*Records for processing:*
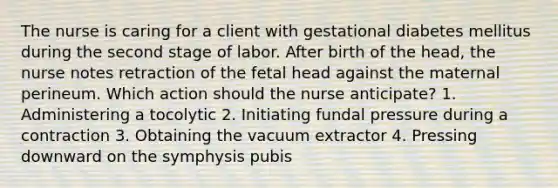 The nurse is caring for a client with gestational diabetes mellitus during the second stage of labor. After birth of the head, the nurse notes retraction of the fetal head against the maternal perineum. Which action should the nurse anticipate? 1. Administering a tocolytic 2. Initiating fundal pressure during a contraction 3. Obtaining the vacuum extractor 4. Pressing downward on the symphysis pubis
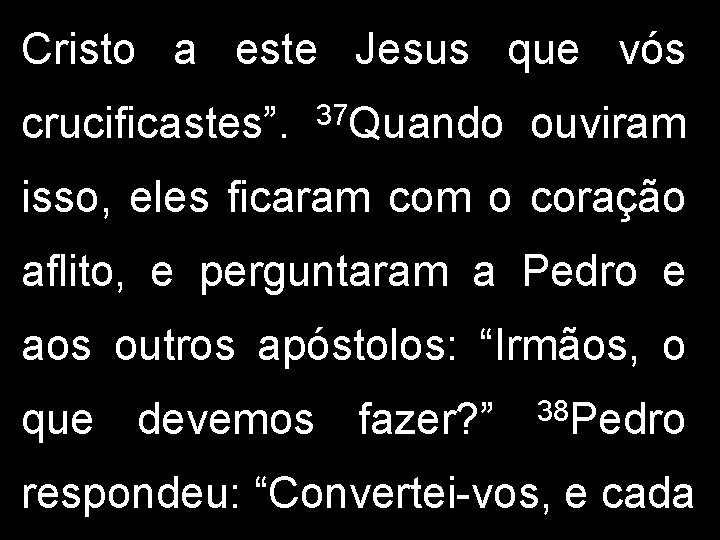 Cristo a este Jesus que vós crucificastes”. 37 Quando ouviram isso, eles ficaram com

---

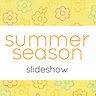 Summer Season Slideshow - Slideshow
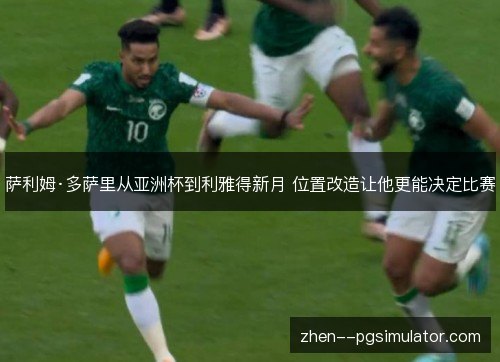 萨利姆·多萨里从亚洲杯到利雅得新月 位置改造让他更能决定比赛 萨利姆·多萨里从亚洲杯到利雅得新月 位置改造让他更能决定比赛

* * *

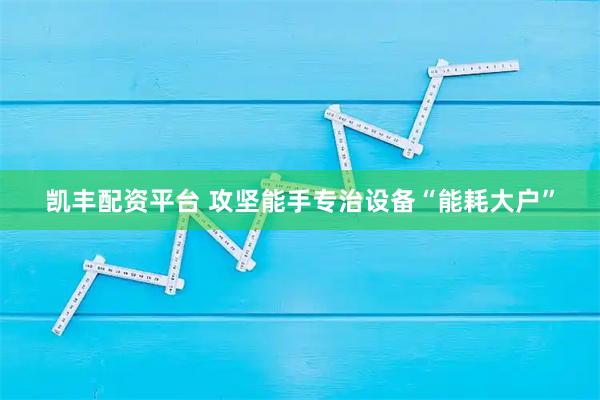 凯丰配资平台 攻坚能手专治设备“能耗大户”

*What you have to do:* Copy only what runs above from the line containing "The nurse is" through the line containing "Cristo a este", exactly. Leave out the pictures.

*Task output:*
 The nurse is caring for a client with gestational diabetes mellitus during the second stage of labor. After birth of the head, the nurse notes retraction of the fetal head against the maternal perineum. Which action should the nurse anticipate? 1. Administering a tocolytic 2. Initiating fundal pressure during a contraction 3. Obtaining the vacuum extractor 4. Pressing downward on the symphysis pubis
 Cristo a este Jesus que vós crucificastes”. 37 Quando ouviram isso, eles ficaram com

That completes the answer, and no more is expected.